Recovery objectives and what they actually mean¶
RTO, RPO, MTPD, and MBCO are quoted often and questioned rarely. The numbers attached to them tend to drift away from operational reality on a quiet, predictable schedule.
The four numbers¶
Recovery Time Objective (RTO): how long before the activity is restored.
Recovery Point Objective (RPO): how much data loss is tolerable.
Maximum Tolerable Period of Disruption (MTPD): how long the organisation can live without the activity at all before the consequences become unrecoverable.
Minimum Business Continuity Objective (MBCO): the reduced level of service that can be sustained during disruption, as distinct from the full level that DR is trying to restore.

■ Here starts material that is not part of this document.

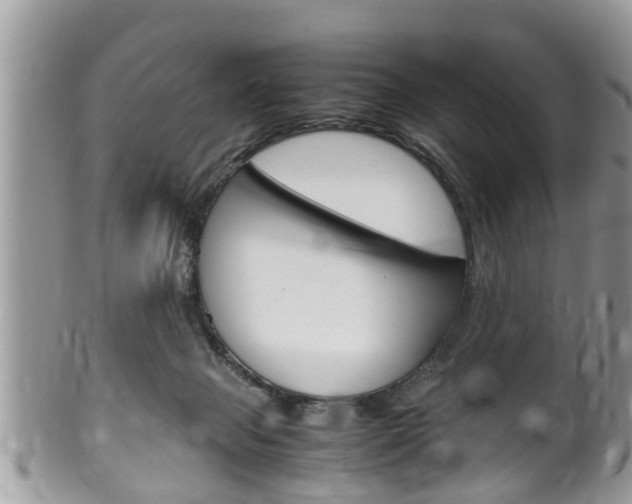 X0000100480077200806130742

RTO and RPO describe the recovery; MTPD describes the limit beyond which recovery is no longer the point; MBCO describes what life looks like in between. Most plans capture the first two, mention the third, and skip the fourth.
How the numbers tend to be set¶
The values attached to these objectives are sometimes:
the answer the business owner gave the consultant who asked
the answer that fits the contract that has already been signed
the answer that does not require the IT budget to grow
the answer that someone else’s plan used, copied across without revisiting
Few of these are derived from operational reality. A useful test of the numbers is whether anyone has rehearsed against them. An RTO of four hours that has never been measured against actual restore time is closer to a wish than a target.
The trouble with one number¶
Different activities have different RTOs depending on when they fail. A four-hour RTO for payroll is fine in week one of the month and ruinous on the day before payday. A four-hour RTO for a customer-facing portal is fine on a quiet Tuesday and existential during a release window.
Time-of-day, time-of-month, and time-of-year context can usefully sit in the objective, or at least in a note next to it. A continuity plan that omits this risks becoming a model simplified into uselessness, because it produces the same response regardless of when the incident lands.
The communication clock¶
The objectives describe technical and operational targets. They rarely describe communication targets. The window during which an organisation has to make a public statement, notify regulators, brief staff, or update customers is its own clock, and it often expires faster than the technical RTO. Restoring the database can be necessary without being sufficient.
The objectives also tend to be silent on the dependency side. An RTO of four hours for activity A is meaningless if activity A depends on activity B, and B has an RTO of twelve hours. The composite RTO for the chain is twelve hours, and that is the number an organisation will actually experience. Plans that quote per-activity RTOs without composing them along the dependency graph are usually quoting fiction.
The honest version¶
A useful set of objectives includes the number, the conditions under which it was set, the date it was last validated, the test that validated it, and the dependency context in which it applies. That is more text than fits on a slide, which is part of why most published objectives are shorter than the work would justify.